Acute Kidney Injury (AKI), formerly known as acute renal failure, is characterized by deterioration of renal function over hours to days, resulting in failure of the kidneys to excrete nitrogenous waste products and to maintain homeostasis. AKI affects 5%–7% of all hospitalized patients. The overall mortality rates for AKI is greater than 20% and, once dialysis is required, mortality rates rise to greater than 50%. Only 15% of patients developing AKI fully recover renal function. Survivors are left with either stable or progressive renal insufficiency, with many being at risk for developing a chronic kidney failure later in life.
Consensus criteria for classification of AKI by the Acute Kidney Injury Network (AKIN) require a rapid time course (less than 48 hours) and either an absolute increase in serum creatinine concentration of more than 0.3 mg/dL compared to baseline, a percentage increase in serum creatinine of 50% or a reduction in urine output to less than 0.5 mL/kg/min for more than 6 hours. The RIFLE criteria assess degree of elevation of serum creatinine or change in GFR, severity and duration of oliguria, and the requirement for renal replacement therapy (RRT). The acronym RIFLE stratifies findings by severity ranging from risk of injury (R) to end-stage renal disease (E) (Table 87-1).

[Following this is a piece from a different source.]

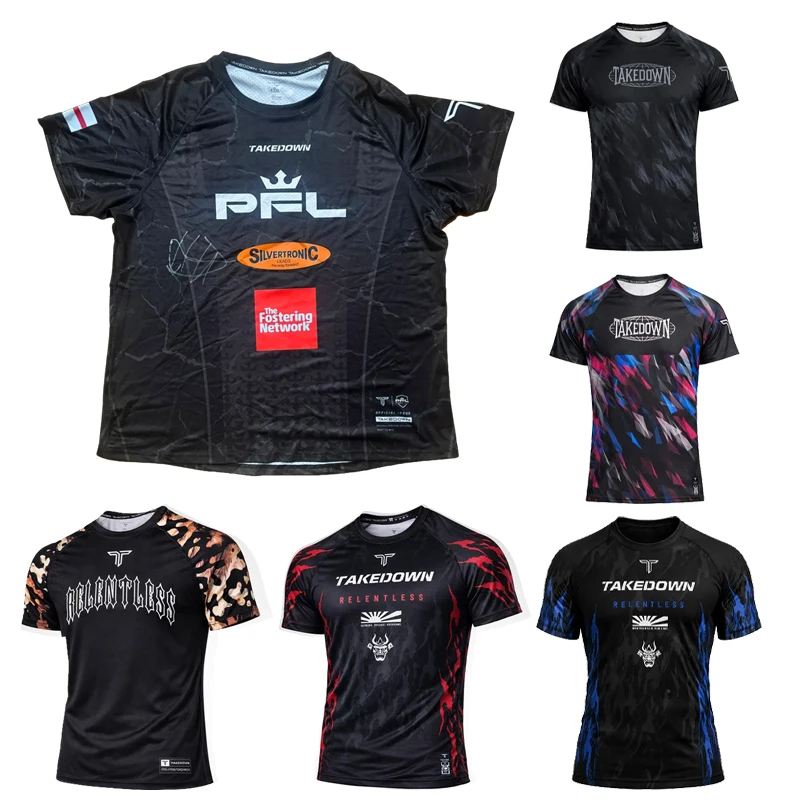 2026 Takedown PFL MMA Boxing Training Fighting Top Men's and Women's T-shirt Breathable and Fashionable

++ Table Graphic Jump Location TABLE 87-1Risk, Injury, Failure, Loss and End-Stage Kidney (RIFLE) Classification ||Download (.pdf) TABLE 87-1 Risk, Injury, Failure, Loss and End-Stage Kidney (RIFLE) Classification
|Class ||Serum creatinine increase ||GFR decrease ||Oliguria (urine output < 0.5mL/kg/h) |
|Risk ||×1.5 ||>25% ||>6 h |
|Injury ||×2 ||>50% ||>12 h |
|Failure ||×3 (or>4 mg/dL, with an acute increase >0.5 mg/dL) ||>75% ||>24 h |
|Loss ||ARF > 4 weeks || || |
|ESRD ||ARF > 3 months || || |
AKI may be oliguric (urinary output less than 400 mL/d) or nonoliguric (urinary output > 400 mL/d). Azotemia, a hallmark of AKI, is a condition marked by abnormally high concentrations of nitrogen-containing compounds such as BUN and creatinine. The causes of AKI are divided into prerenal, intrinsic renal, and postrenal etiologies (Table 87-2).
++ Table Graphic Jump Location TABLE 87-2Causes of Acute Kidney Injury ||Download (.pdf) TABLE 87-2 Causes of Acute Kidney Injury
|Prerenal Azotemia ||Renal Azotemia ||Postrenal Azotemia |
|Hemorrhage ||Acute glomerulonephritis ||Nephrolithiasis |
|Gastrointestinal fluid loss ||Vasculitis ||Benign prostatic hyperplasia |
|Trauma ||Interstitial nephritis (drug allergy, infiltrative disease) ||Clot retention |
|Surgery ||Acute tubular necrosis ||Bladder carcinoma |
|Burns ||Ischemia || |
|Cardiogenic shock ||Nephrotoxic drugs (aminoglycosides, NSAIDs) || |
|Sepsis ||Solvents (carbon tetrachloride, ethylene glycol) || |
|Hepatic failure ||Heavy metals (mercury, cisplatin) || |
|Aortic clamping ||Radiographic contrast dyes || |
|Renal artery camping ||Myoglobinuria || |
|Thromboembolism || || |
Prerenal azotemia accounts for nearly half of all hospital-acquired cases of AKI and is rapidly reversible if the underlying cause is corrected. If sustained, prerenal azotemia is ...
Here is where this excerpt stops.